Looks kinda cool for k-sinks with grease.
http://m.bullfrogind.com/#2889


----------



## Gettinit (May 9, 2012)

pic of a cell phone....I don't get it.


----------



## AlbacoreShuffle (Aug 28, 2011)

crapshooter ?
Isnt that what you do when your sitting around a camp fire and drinking beer ?


----------



## AlbacoreShuffle (Aug 28, 2011)

Gettinit said:


> pic of a cell phone....I don't get it.


you have to " click " on the phone.


----------



## ToUtahNow (Jul 19, 2008)

http://www.bullfrogind.com/Products.html

Here we go again. 

Mark


----------



## SewerRat (Feb 26, 2011)

Weird, I copied and pasted the link off my phone. 

Go to www.bullfrogind.com 

It's a little electric jetter built into a box all nicely self contained. Saw it on page 68 of the newest Cleaner magazine.


----------



## ToUtahNow (Jul 19, 2008)

SewerRat said:


> Weird, I copied and pasted the link off my phone.
> 
> Go to www.bullfrogind.com
> 
> It's a little electric jetter built into a box all nicely self contained. Saw it on page 68 of the newest Cleaner magazine.

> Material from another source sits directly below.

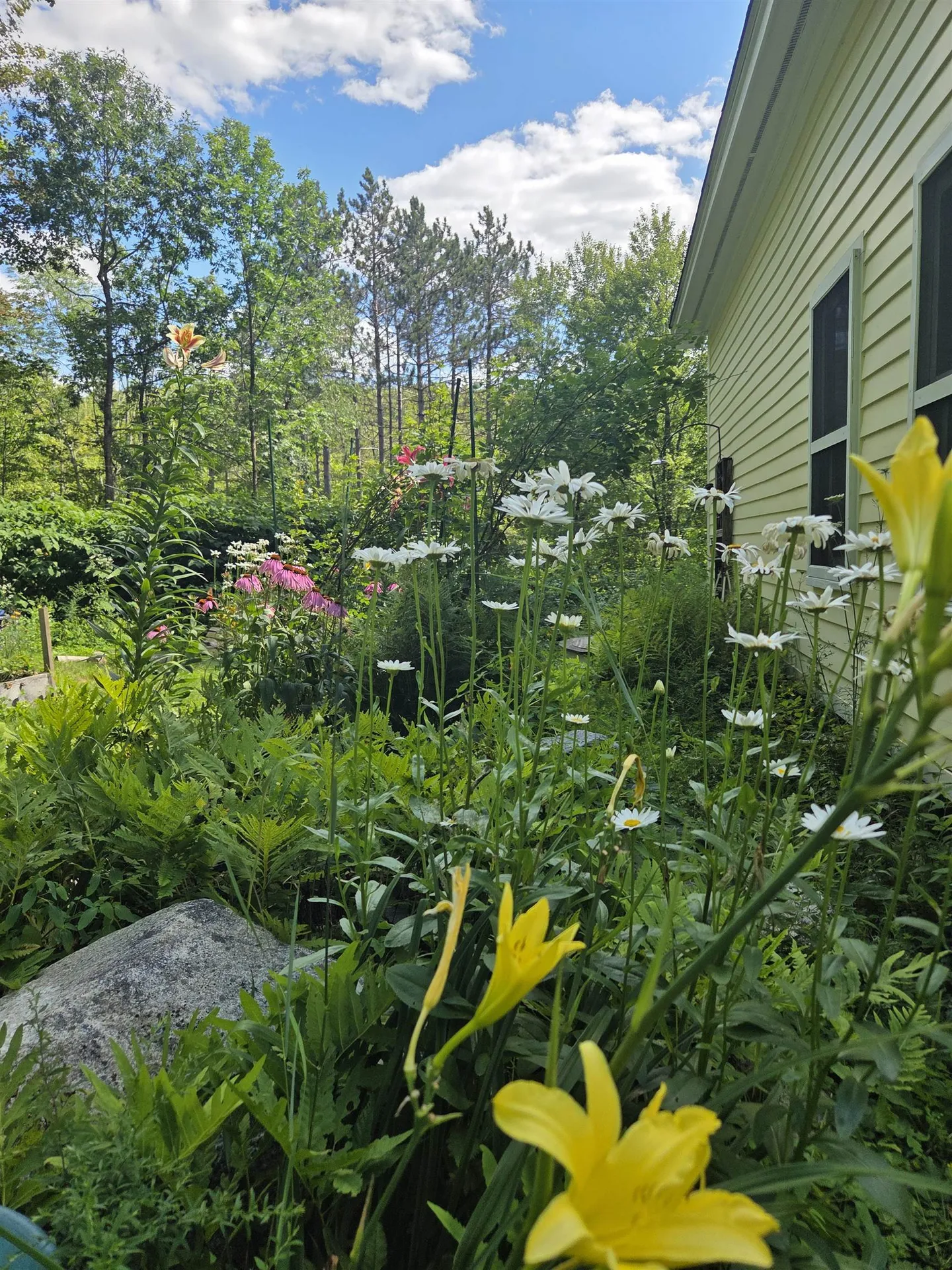371 Burton Highway Wilton NH 03086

Someone ordered one on the Ridgid site and then canceled when the spec were to hard to figure out. If you watch their videos, I believe they are made in the kitchen of the woman who owns Bullfrog.

Mark


----------



## SewerRat (Feb 26, 2011)

Didn't see it over there sorry


----------



## SewerRat (Feb 26, 2011)

Wow in the video that sucker assumed that line was spotless just because it drained. Less than 2 gpm in a 4" grease clogged line.


----------